## [Data extract]
----
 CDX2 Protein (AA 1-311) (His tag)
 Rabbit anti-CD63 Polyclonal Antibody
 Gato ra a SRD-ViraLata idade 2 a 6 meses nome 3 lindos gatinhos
----
## [Required work]
Every line of the listing above should be copied word for word.

## [Task answer]
 CDX2 Protein (AA 1-311) (His tag)
 Rabbit anti-CD63 Polyclonal Antibody
 Gato ra a SRD-ViraLata idade 2 a 6 meses nome 3 lindos gatinhos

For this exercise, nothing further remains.